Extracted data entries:
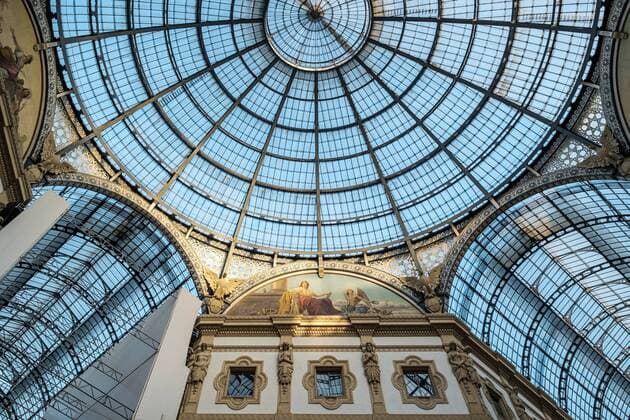 Italy, Milan, glass dome of Galleria Vittorio Emanuele II  HAM000024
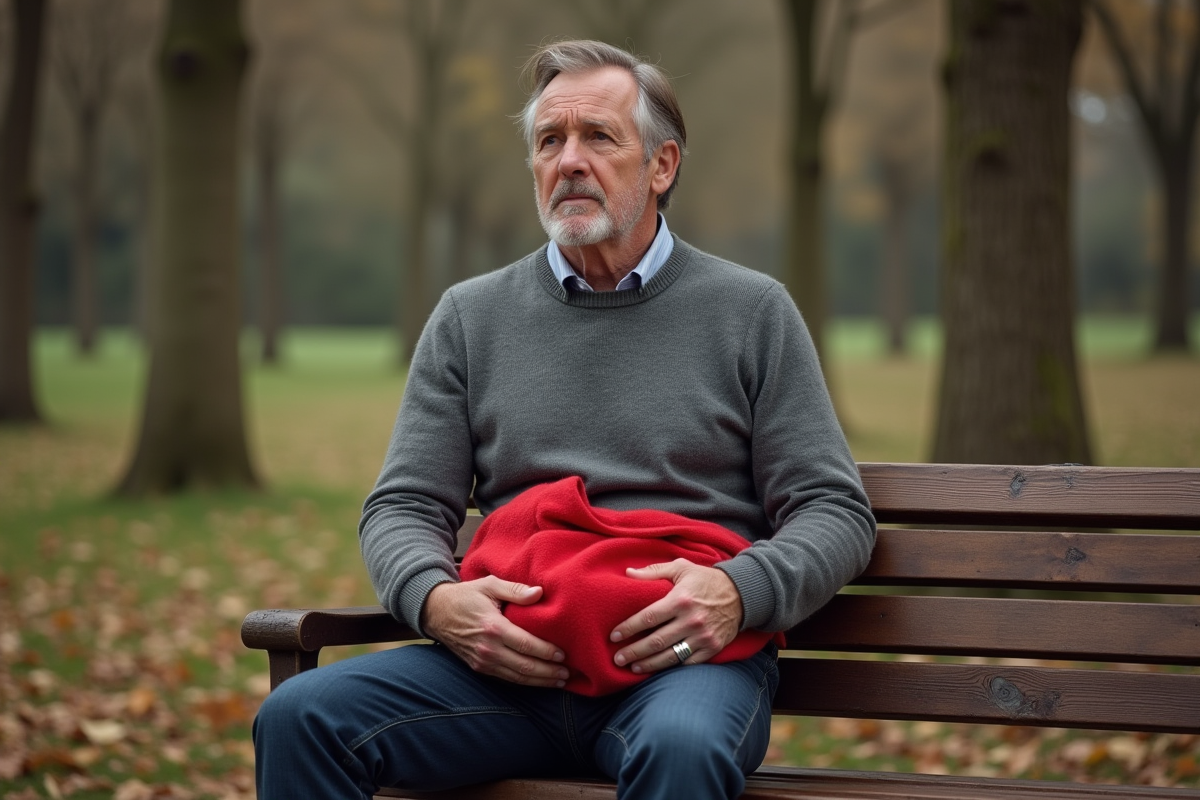 Homme réfléchi en pull cachemire dans un parc automnal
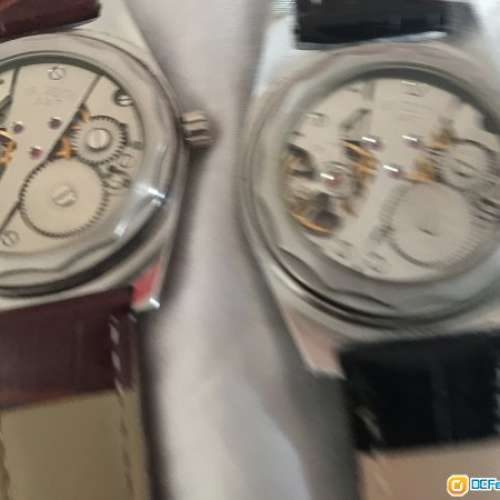 古董上海表 孔雀開屏面 玫瑰金+銀色面 一對 表面耀麗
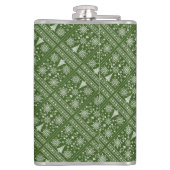 Weihnachts-Lover-Muster Sampler-Design Flachmann (Rückseite)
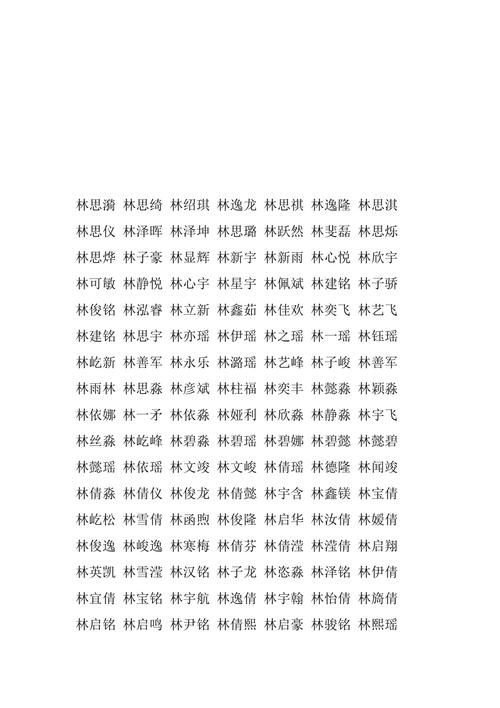 姓林名字大全_姓林名字大全女孩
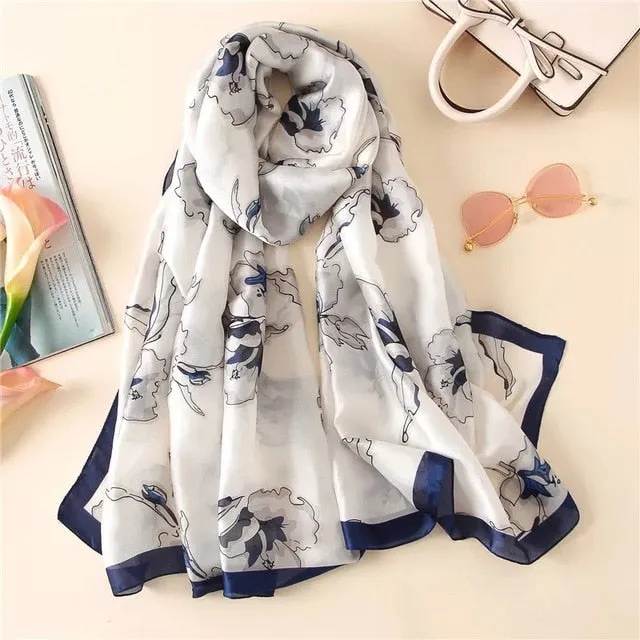 Fashion Silk Scarf Printed Bandana Shawl #LZ154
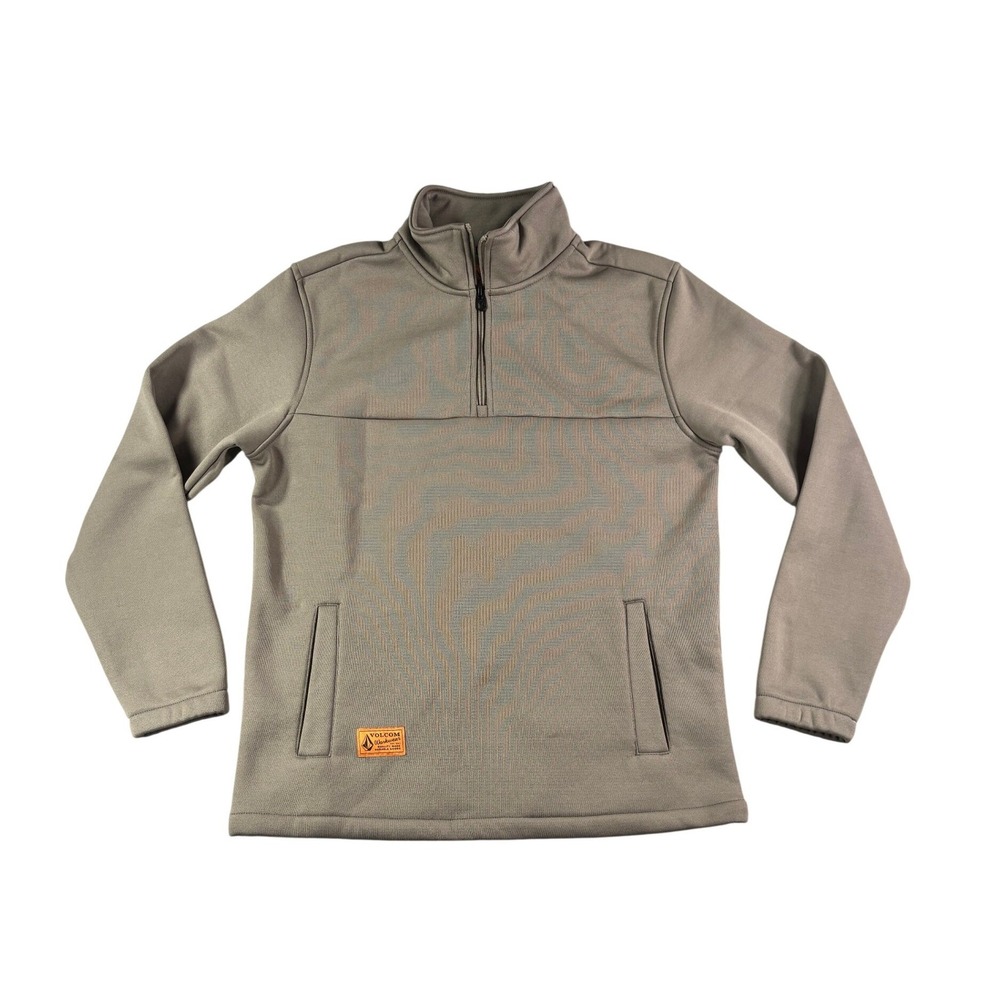 Volcom Workwear Mens Small Quarter Zip Fleece Pullover Taupe Brown Mock Neck
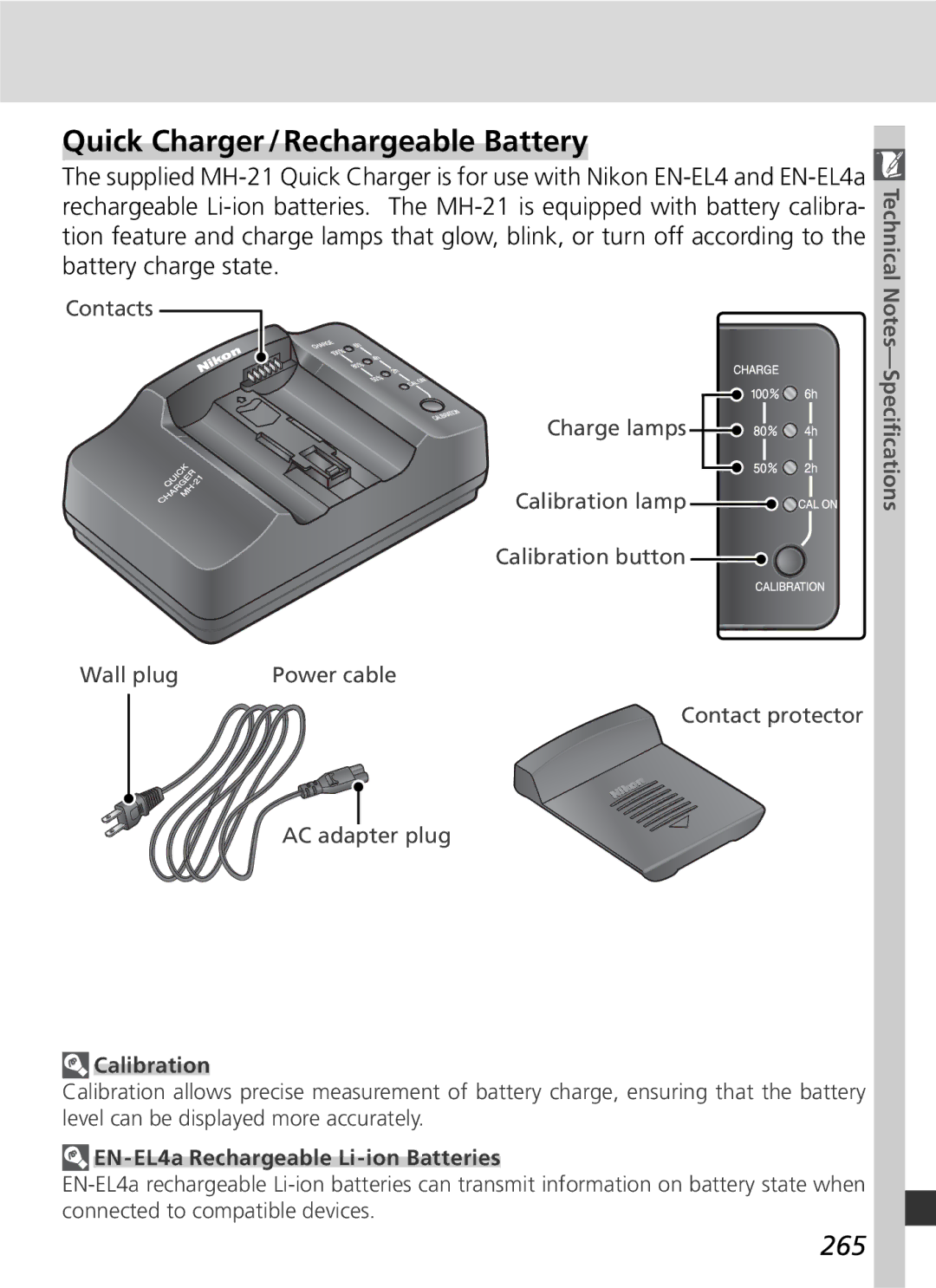 Nikon D2Xs manual Quick Charger / Rechargeable Battery, 265, Calibration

• Task statement
Omit every picture while printing the data word for word.

• Response below
 Italy, Milan, glass dome of Galleria Vittorio Emanuele II  HAM000024
 Homme réfléchi en pull cachemire dans un parc automnal
 古董上海表 孔雀開屏面 玫瑰金+銀色面 一對 表面耀麗
 Weihnachts-Lover-Muster Sampler-Design Flachmann (Rückseite)
 姓林名字大全_姓林名字大全女孩
 Fashion Silk Scarf Printed Bandana Shawl #LZ154
 Volcom Workwear Mens Small Quarter Zip Fleece Pullover Taupe Brown Mock Neck
 Nikon D2Xs manual Quick Charger / Rechargeable Battery, 265, Calibration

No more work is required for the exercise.